Isaac Asimov, (1920 - 1992)


Auch wer nur ganz wenig über Science Fiction weiß, hat den Namen Isaak Asimov mit Sicherheit schon einmal gehört. Er gilt als Autorität - nicht nur als beeindruckende TV-Persönlichkeit, wenn es um populärwissenschaftliche Sendungen mit brillanten rednerischen Auftritten geht, nicht nur als Verfasser von biochemischen Lehrbüchern, Kinderbüchern, populärwissenschaftlichen Artikeln in renommierten wissenschaftlichen Fachzeitschriften, sondern besonders auf dem Gebiet der Science Fiction-Literatur, denn man kann sagen, er ist ein ausgezeichneter Kenner der Anfänge und hat schon früh selbst geschrieben.

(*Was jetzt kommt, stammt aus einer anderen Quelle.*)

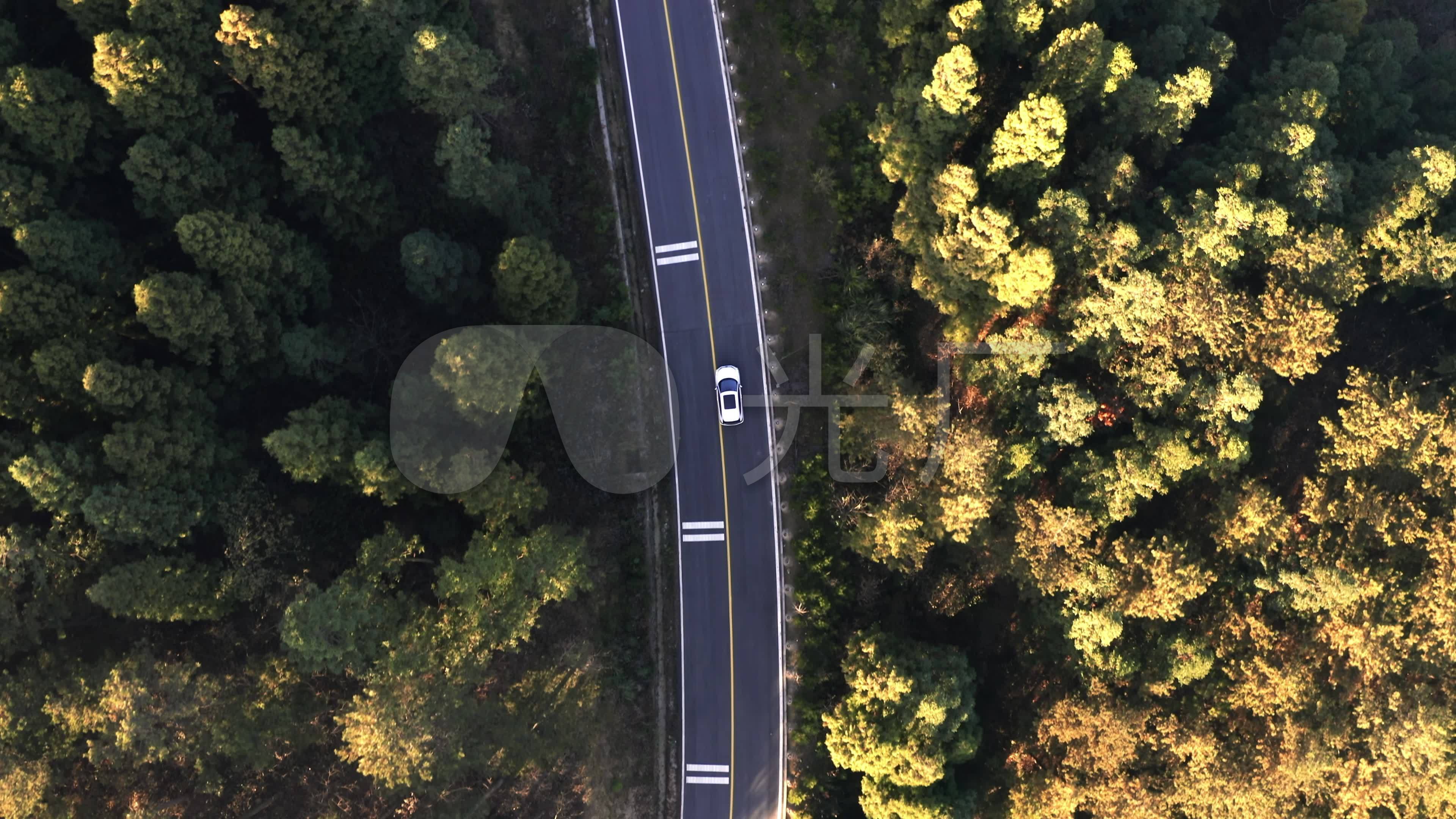 夏季中国新疆早晨阳光下的独库公路_站酷海洛_正版图片_视频_字体_音乐素材交易平台_站酷旗下品牌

"Ich habe das entschiedene Gefühl, daß ich in der Welt der Science Fiction als eine Art Denkmal angesehen werde...", macht er sich Anfang der 70er Jahre bei der Herausgabe einer seiner Anthologien lustig (aus: "Das Ende der Dinosaurier", Rastatt 1977, 1975 by Isaak Asimov, S. 9). Tatsächlich gilt er als der am meisten vermarktete SF- Autor überhaupt, der auch durch zahlreiche öffentliche Auftritte und seine unvergessene Persönlichkeit zu Weltruhm gelangte.

Einer von Asimov's Freunden, Sprague de Camp, selbst SF-Autor, beschreibt ihn folgendermaßen: "Asimov ist ein kräftiger und jugendlich aussehender Mann mit welligem, braunen Haar, blauen Augen und einem frischen, jovialen und zuweilen überschäumenden Temperament [...] außerordentlich gesellig, beredsam und witzig." (aus: "Das Ende der Dinosaurier", Rastatt 1977, S.75f)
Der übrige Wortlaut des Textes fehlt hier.